Salman Rushdie, né en 1947 en Inde dans une famille d'intellectuels musulmans non pratiquants, avait embrasé une partie du monde islamique avec la publication des "Versets sataniques", conduisant l'ayatollah iranien Rouhollah Khomeiny à émettre en 1989 une fatwa demandant son assassinat.
L'auteur d'une quinzaine de romans, récits pour la jeunesse, nouvelles et essais écrits en anglais avait été contraint de vivre dans la clandestinité et sous protection policière, allant de cachette en cachette
- Condamnations -Naturalisé américain en 2016 et vivant à New York depuis 20 ans, Salman Rushdie avait repris une vie à peu près normale tout en continuant de défendre, dans ses livres, la satire et l'irrévérence.
Coïncidence, le magazine allemand Stern l'a interviewé quelques jours avant l'attaque et en publie samedi un extrait: "Depuis que je vis aux Etats Unis, je n'ai plus de problème (...) Ma vie est de nouveau normale", assure l'écrivain en se disant "optimiste" mais en rappelant que "les menaces de mort sont devenues quotidiennes".
La "fatwa" de l'Iran n'a de fait jamais été levée et beaucoup de ses traducteurs ont été blessés par des attaques, voire tués, comme le Japonais Hitoshi Igarashi, poignardé à mort en 1991.

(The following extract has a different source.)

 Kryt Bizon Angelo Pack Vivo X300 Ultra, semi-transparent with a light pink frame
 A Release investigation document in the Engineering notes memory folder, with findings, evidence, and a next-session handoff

Aux Etats-Unis, les sites de vente en ligne comme Amazon ont constaté une hausse des commandes pour les "Versets sataniques" et une cheffe de rayon de la librairie new-yorkaise Strand Bookstore, Katie Silvernail, raconte que "des gens viennent voir ce qu'il a écrit et savoir ce qu'on a" en stock.

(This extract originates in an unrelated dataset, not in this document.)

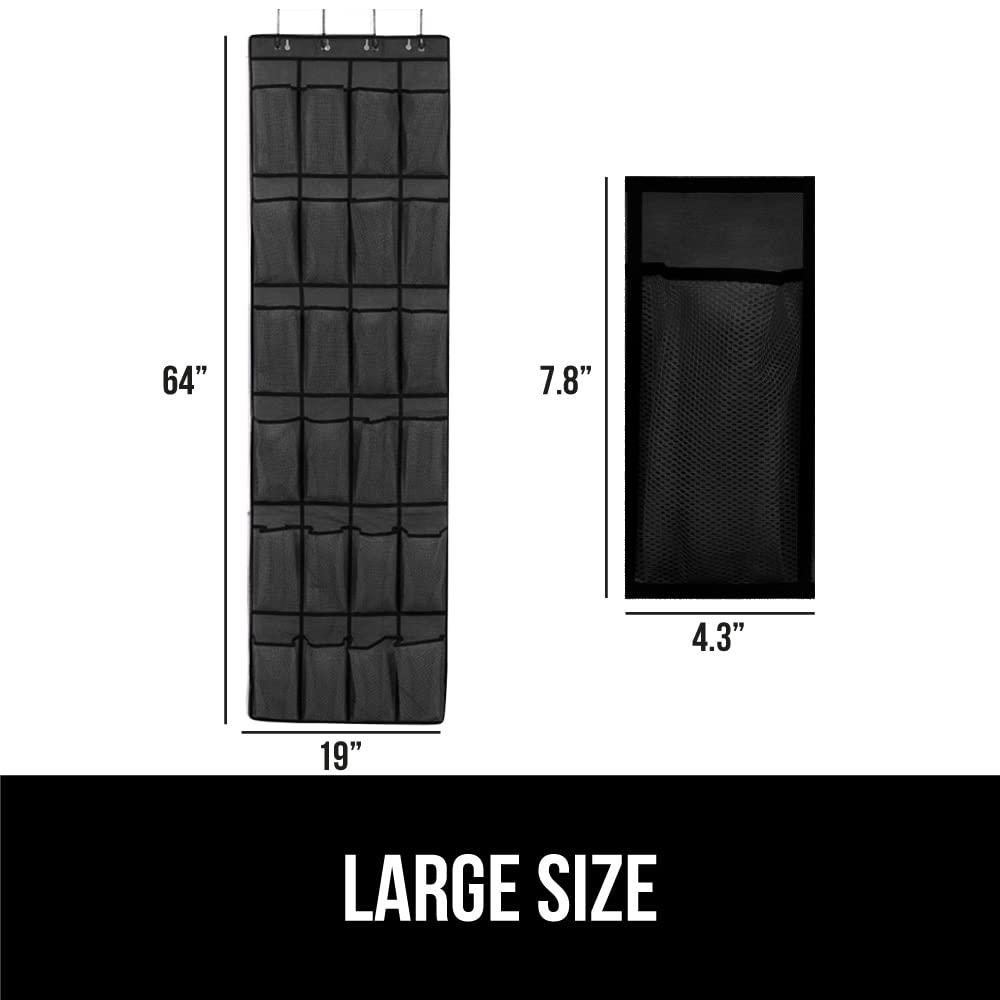 Gorilla Grip Slip Resistant Breathable Space Saving Mesh Large 24 Pocket Shoe Organizer, Up to 40 Pounds, Over the Door, Sturdy Closet Storage Rack Hangs on Closets for Shoes, Sneakers, Black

"Son combat est le nôtre, universel", a lancé vendredi soir le président Emmanuel Macron, tandis que le secrétaire général de l'ONU Antonio Guterres s'est déclaré "horrifié".
Le Premier ministre canadien Justin Trudeau a dénoncé samedi une "attaque lâche", et un "affront à la liberté d'expresion".
Le Premier ministre britannique Boris Johnson s'est dit "atterré que Sir Salman Rushdie ait été poignardé alors qu'il exerçait un droit que nous ne devrions jamais cesser de défendre".
"Rien ne justifie une fatwa, une condamnation à mort", s'est indigné Charlie Hebdo, journal satirique français décimé par un attentat islamiste en janvier 2015.